Stephanie nach bestandener Prüfung mit Blick in die Kamera, eine Urkunde in der einen und einen Blumenstrauß in der anderen Hand

Stillstand? Nicht mit mir

Bei mir wird es nie langweilig. Nach Ausbildungsabschluss haben sich für mich neue Türen geöffnet, wodurch ich nun aus dem KDT-Team heraus in unsere Filiale nach Uchte wechsle, um Kundinnen und Kunden vor Ort zu betreuen. Für mich ist das eine tolle Chance, neue Erfahrungen zu sammeln und mich fachlich weiterzuentwickeln.

Parallel zu diesem Neustart habe ich die Möglichkeit bekommen, an einem 18-monatigen Programm zur Persönlichkeitsentwicklung bei uns in der Bank teilzunehmen. Ich freue mich darauf, in meine neue Rolle reinzuwachsen und auf alles, was noch vor mir liegt. Wer weiß, wohin mich mein Weg in der Volksbank noch führt.

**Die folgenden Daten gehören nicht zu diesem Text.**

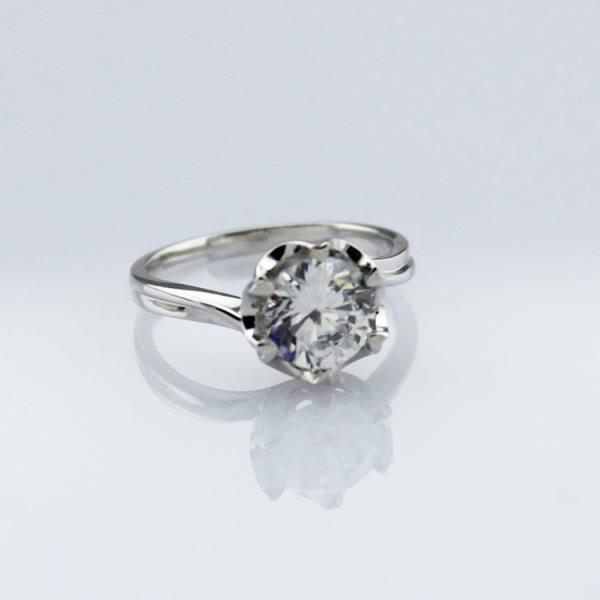 Buy cheap 925 Sterling Silver Women Engagement CZ Diamond Ring (F38) from wholesalers
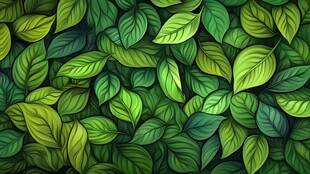 绿叶繁茂背景图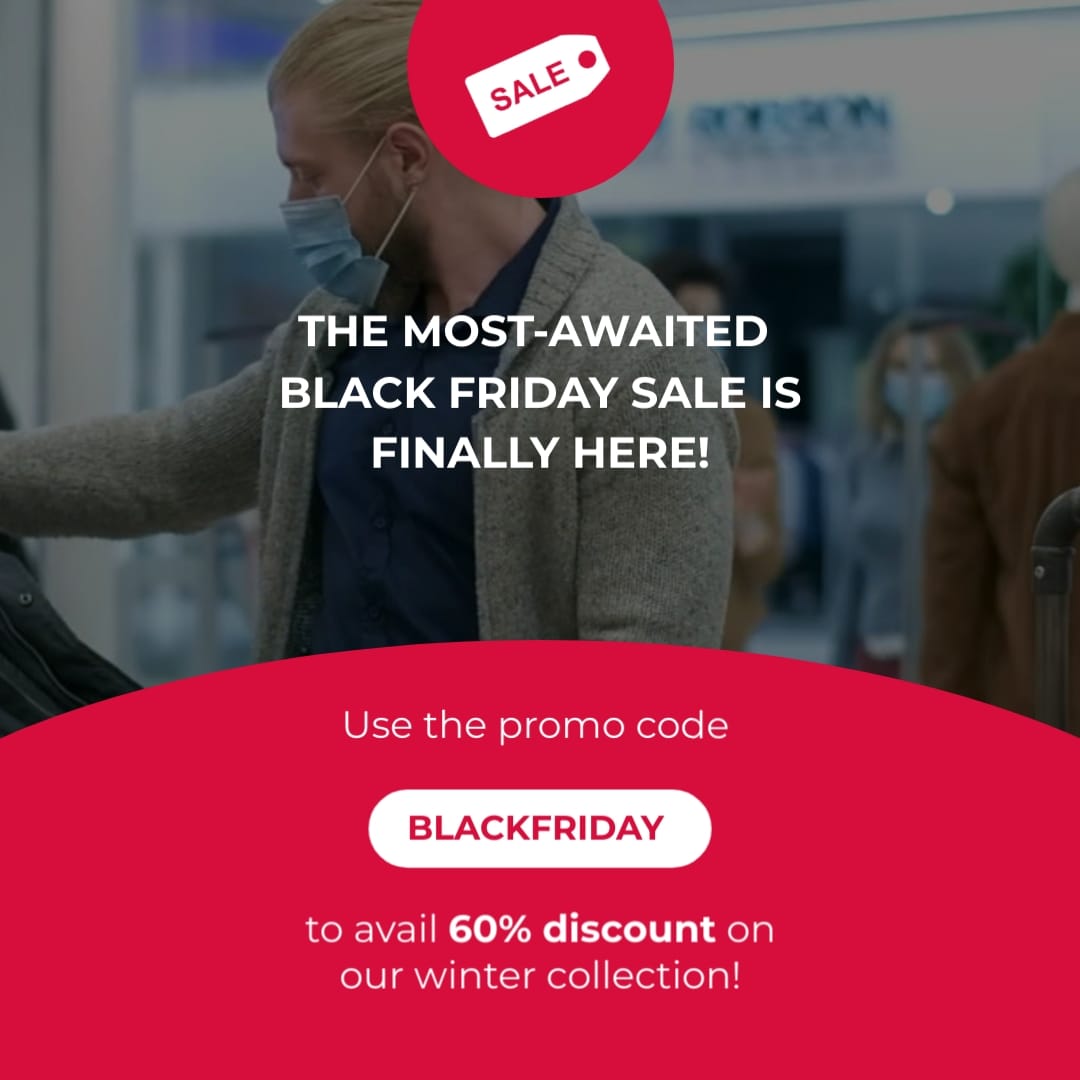 Black Friday Sale Twitter Video Ad Template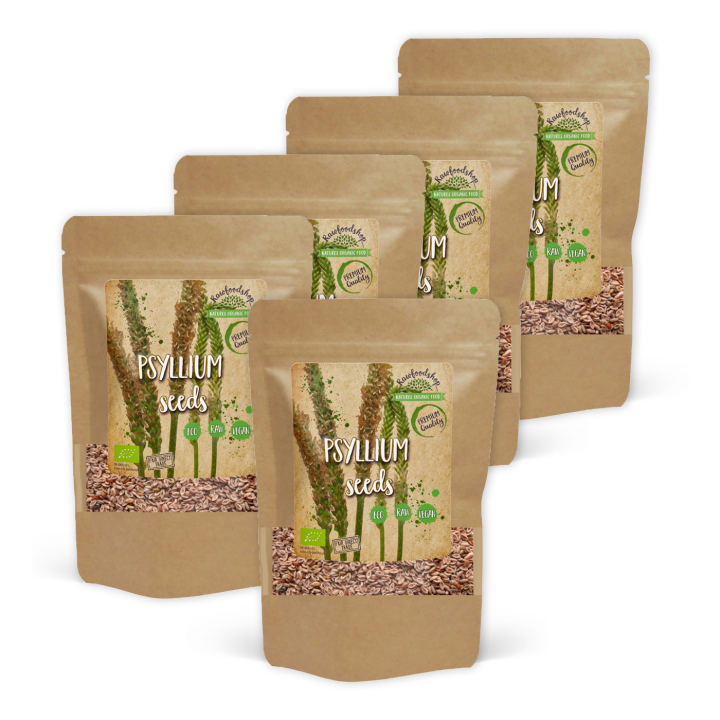 Psyllium Frön EKO 300g x 5 paket i gruppen Råvaror & Dryck / Hälsokost / Frön hos Rawfoodshop Scandinavia AB (FRO11-SET5)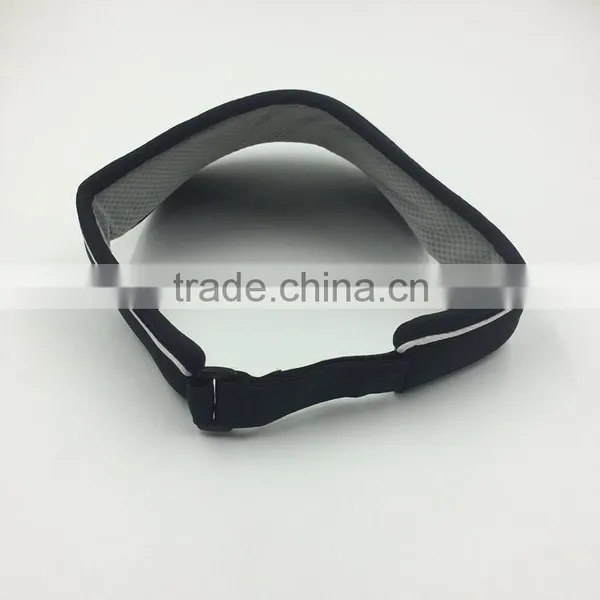 Custom Design Fashion 100% Cotton Black Sun Visor With Embroidery photo-4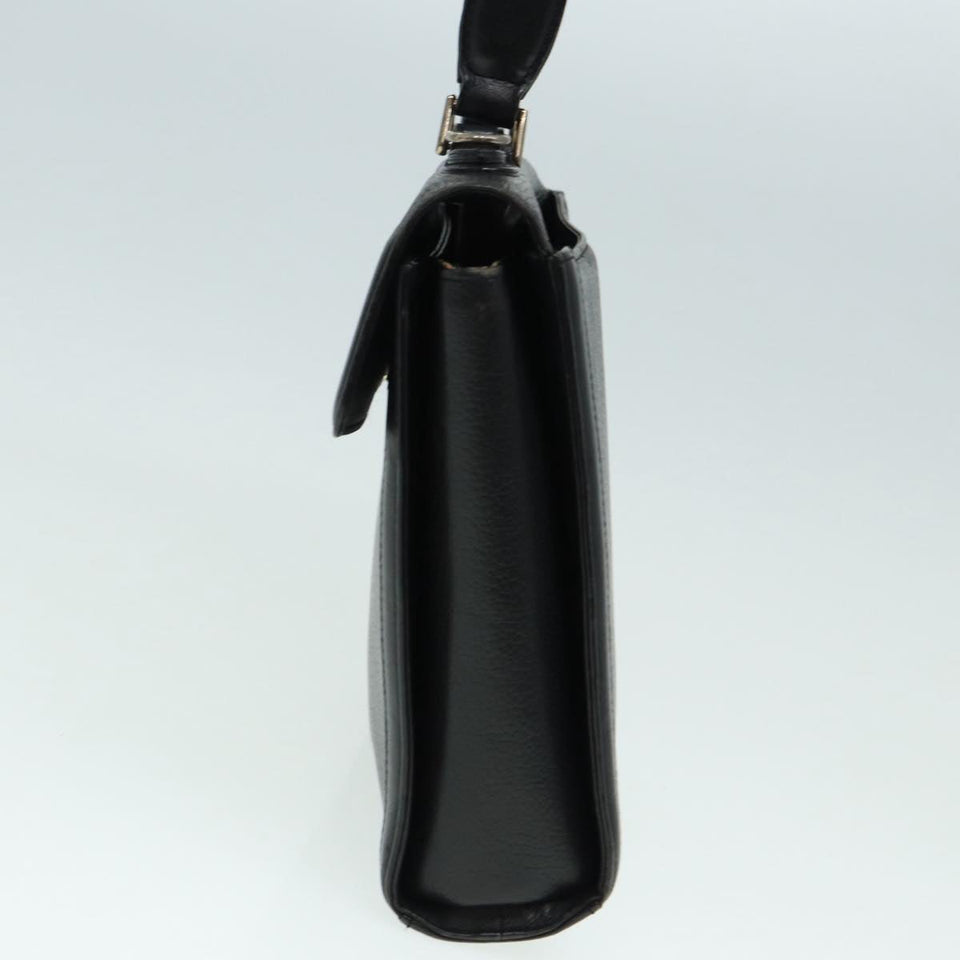 Burberry - Black Leather Handbag ( )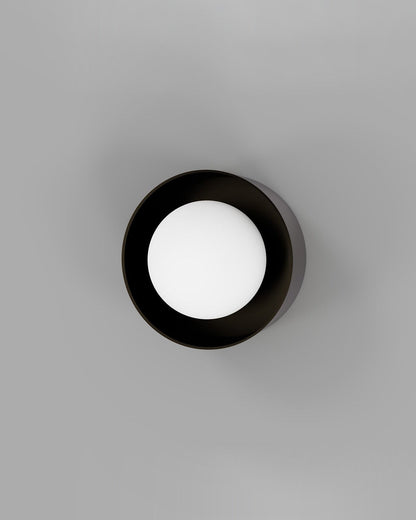 Gekaderde Orb Wandlamp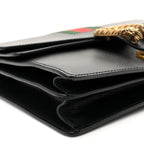 Calfskin Web Medium Dionysus Shoulder Bag Black
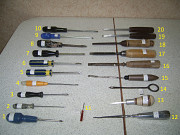 Отвертки,стамески и ручной инструмент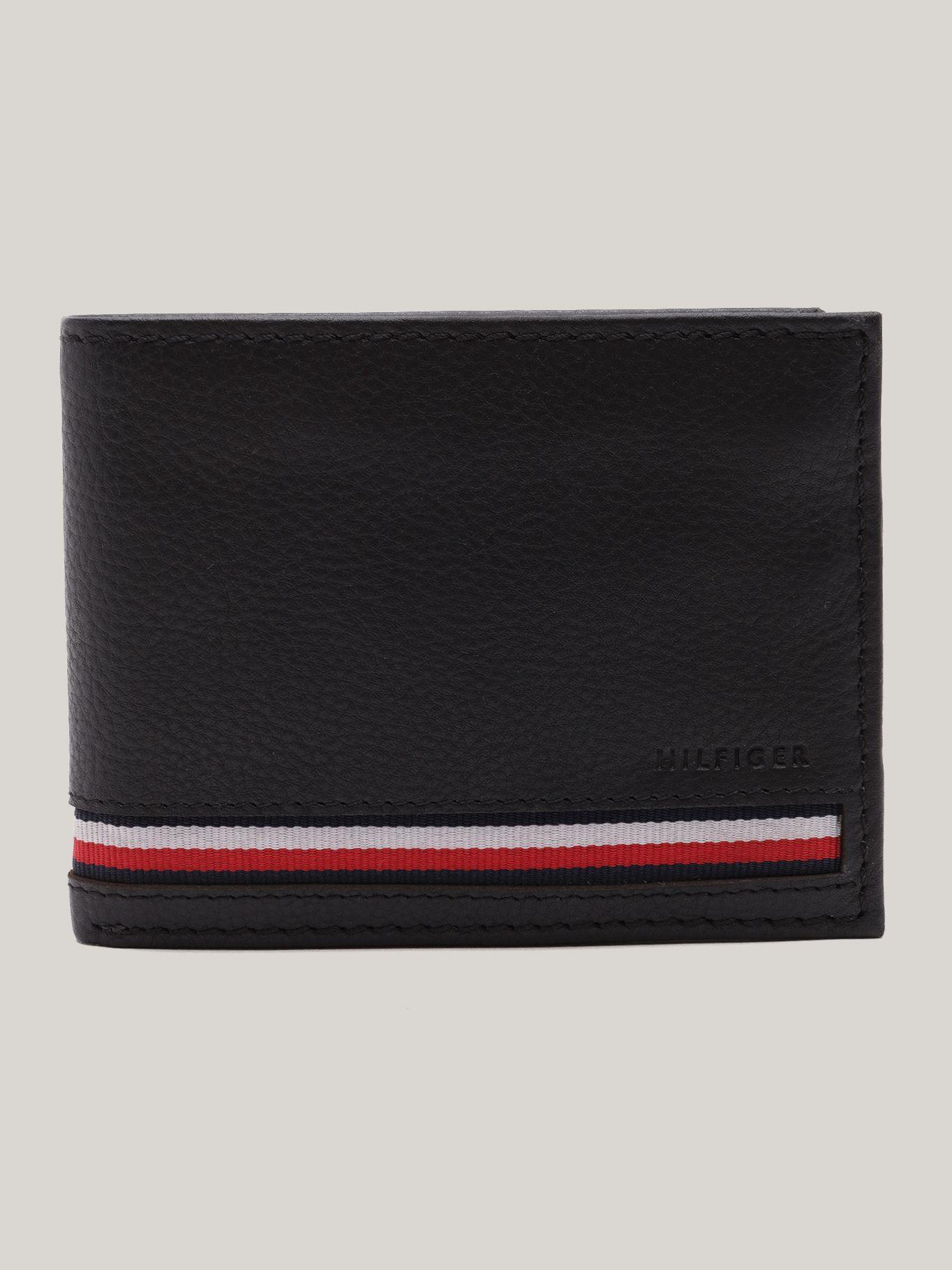 Billetera Stripe Con Logo Negro Tommy Hilfiger-0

Was ich anderen raten würde, die einen Quereinstieg wagen wollen?

Einfach machen. Es ist nicht immer leicht, die eigene Komfortzone zu verlassen und Dinge auszuprobieren, die auf den ersten Blick gar nichts für einen zu sein scheinen. Aber genau darin liegt für uns alle die Chance, zu wachsen.